Samuel Watson (1662–1715), an English sculptor in wood and stone, was a native of Heanor, Derbyshire. He was employed at Chatsworth House between 1690 or 1691 and 1711.

==Family and work==
Watson was born in Heanor, the son of a husbandman of Heanor, and his wife, Bridget, née Townsend. He was baptised there on 2 December 1662. Little is known of his early life. His grandson, White Watson, stated in a memoir that Samuel Watson "was a pupil of Mr. Charles Oakey, carver, in the parish of St Martin's in the Fields."

Oakey was employed by the 1st Duke of Beaufort on the remodelling of Badminton House in 1683. Watson is known to have worked at Burghley House and at Sudbury Hall. Also working at Badminton, Burghley and Sudbury was Grinling Gibbons, who had a great influence on Watson's work. Working at Chatsworth in 1690–1691, he rose to be chief carver and remained there until 1711. His contemporary, George Vertue, commented favourably on "The Ornaments Carv'd in wood & foliages by Watson sculptor in wood & stone. The boys in the Chapel and other parts of his works. Very fine... a most ingenious artist." Other work there has also been attributed to him.
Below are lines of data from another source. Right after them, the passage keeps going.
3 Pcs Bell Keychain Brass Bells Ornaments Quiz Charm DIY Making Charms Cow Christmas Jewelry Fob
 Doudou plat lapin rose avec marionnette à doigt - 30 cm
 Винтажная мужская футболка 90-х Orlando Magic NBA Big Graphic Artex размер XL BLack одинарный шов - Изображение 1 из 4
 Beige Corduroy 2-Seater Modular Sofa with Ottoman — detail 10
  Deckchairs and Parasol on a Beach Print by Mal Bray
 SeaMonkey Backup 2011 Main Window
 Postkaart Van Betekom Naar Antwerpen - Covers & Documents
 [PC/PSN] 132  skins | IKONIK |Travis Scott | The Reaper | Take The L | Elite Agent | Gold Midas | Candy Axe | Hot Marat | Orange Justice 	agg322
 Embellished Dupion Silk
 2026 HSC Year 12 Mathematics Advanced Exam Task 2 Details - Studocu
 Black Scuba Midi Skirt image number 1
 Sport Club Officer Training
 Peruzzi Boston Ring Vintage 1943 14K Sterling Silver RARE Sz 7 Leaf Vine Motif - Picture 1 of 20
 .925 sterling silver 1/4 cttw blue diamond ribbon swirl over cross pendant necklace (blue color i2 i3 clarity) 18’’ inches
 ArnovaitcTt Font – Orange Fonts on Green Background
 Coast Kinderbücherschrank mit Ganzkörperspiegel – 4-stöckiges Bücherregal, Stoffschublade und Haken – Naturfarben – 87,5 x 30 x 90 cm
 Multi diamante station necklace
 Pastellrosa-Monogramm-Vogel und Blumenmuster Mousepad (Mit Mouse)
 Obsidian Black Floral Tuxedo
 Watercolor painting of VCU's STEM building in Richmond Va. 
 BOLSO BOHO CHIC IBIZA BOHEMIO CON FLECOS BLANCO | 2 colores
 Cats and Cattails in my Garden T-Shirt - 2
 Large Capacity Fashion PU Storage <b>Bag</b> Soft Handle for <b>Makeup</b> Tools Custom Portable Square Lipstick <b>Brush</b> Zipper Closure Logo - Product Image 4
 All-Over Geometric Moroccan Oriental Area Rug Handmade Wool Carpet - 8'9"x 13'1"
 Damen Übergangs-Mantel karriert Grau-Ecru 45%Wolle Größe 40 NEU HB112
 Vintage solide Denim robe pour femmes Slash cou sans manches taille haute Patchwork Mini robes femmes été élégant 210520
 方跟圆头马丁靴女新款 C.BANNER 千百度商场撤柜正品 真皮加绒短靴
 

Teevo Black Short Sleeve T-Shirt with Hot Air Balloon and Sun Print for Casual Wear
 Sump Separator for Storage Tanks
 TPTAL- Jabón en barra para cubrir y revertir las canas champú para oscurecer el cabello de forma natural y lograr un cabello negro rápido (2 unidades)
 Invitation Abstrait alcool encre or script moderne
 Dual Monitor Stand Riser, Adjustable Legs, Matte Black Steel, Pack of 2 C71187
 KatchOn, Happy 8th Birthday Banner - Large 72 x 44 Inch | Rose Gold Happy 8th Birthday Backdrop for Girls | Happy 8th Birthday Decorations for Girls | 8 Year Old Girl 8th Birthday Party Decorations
Late in life, Watson married Katherine Greensmith (c. 1679–1739) from Pilsley, a Chatsworth estate village. He retired and they settled at Heanor. Their first son died in 1711, but a second son was born in 1714 and Katherine was pregnant with another when her husband died of a stroke and was buried at Heanor on 31 March 1715. His sons, Henry and Samuel II, both trained as carvers and so did his grandson, White Watson, who designed a monument for his grandfather in Heanor Church.